Among the lines below, the one containing "Happy middle-aged woman" opens the range and the one containing "empty room with" closes it. Print that range exactly, without the pictures.

Data:
===============

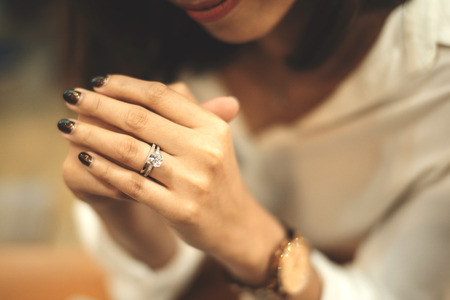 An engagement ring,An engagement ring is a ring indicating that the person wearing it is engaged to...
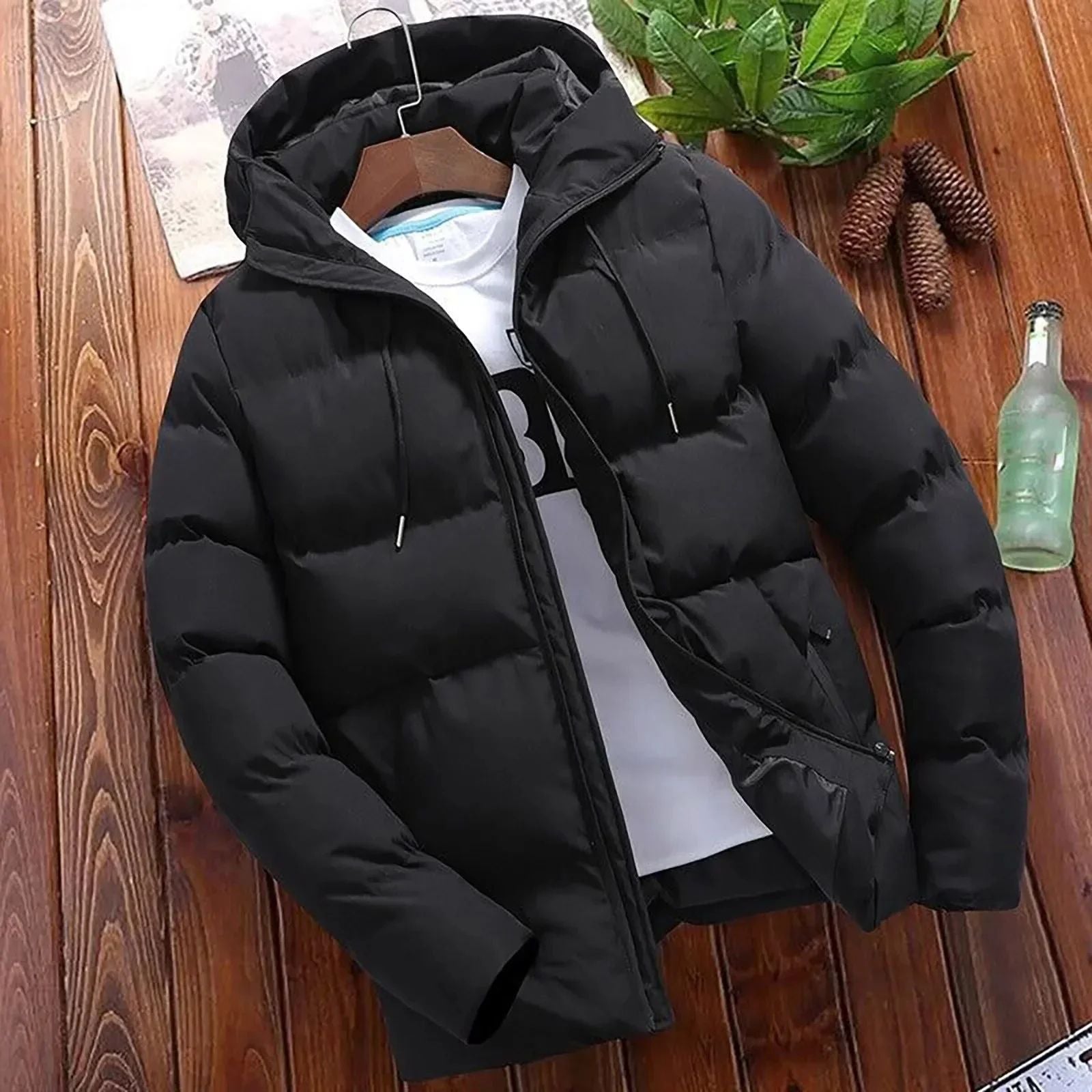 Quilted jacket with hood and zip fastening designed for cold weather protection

===============

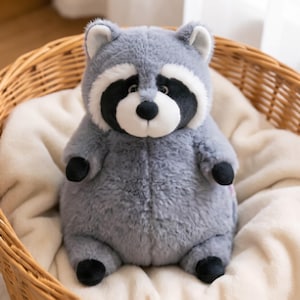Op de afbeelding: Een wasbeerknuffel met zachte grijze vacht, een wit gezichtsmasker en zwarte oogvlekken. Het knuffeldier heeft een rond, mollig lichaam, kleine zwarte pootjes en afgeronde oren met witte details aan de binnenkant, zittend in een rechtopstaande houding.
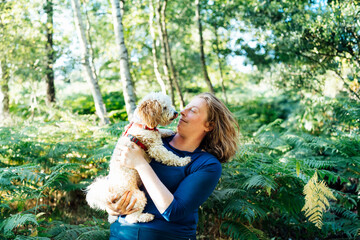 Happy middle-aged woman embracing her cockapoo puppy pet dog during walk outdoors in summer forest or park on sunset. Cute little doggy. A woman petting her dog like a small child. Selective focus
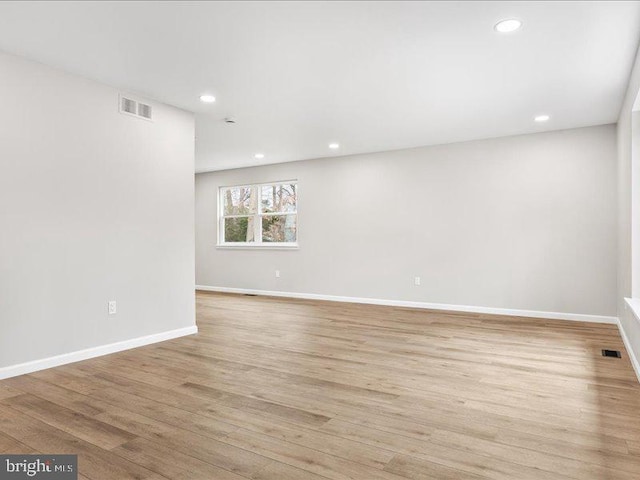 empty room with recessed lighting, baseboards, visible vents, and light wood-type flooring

===============

Written solution:
 Happy middle-aged woman embracing her cockapoo puppy pet dog during walk outdoors in summer forest or park on sunset. Cute little doggy. A woman petting her dog like a small child. Selective focus
 empty room with recessed lighting, baseboards, visible vents, and light wood-type flooring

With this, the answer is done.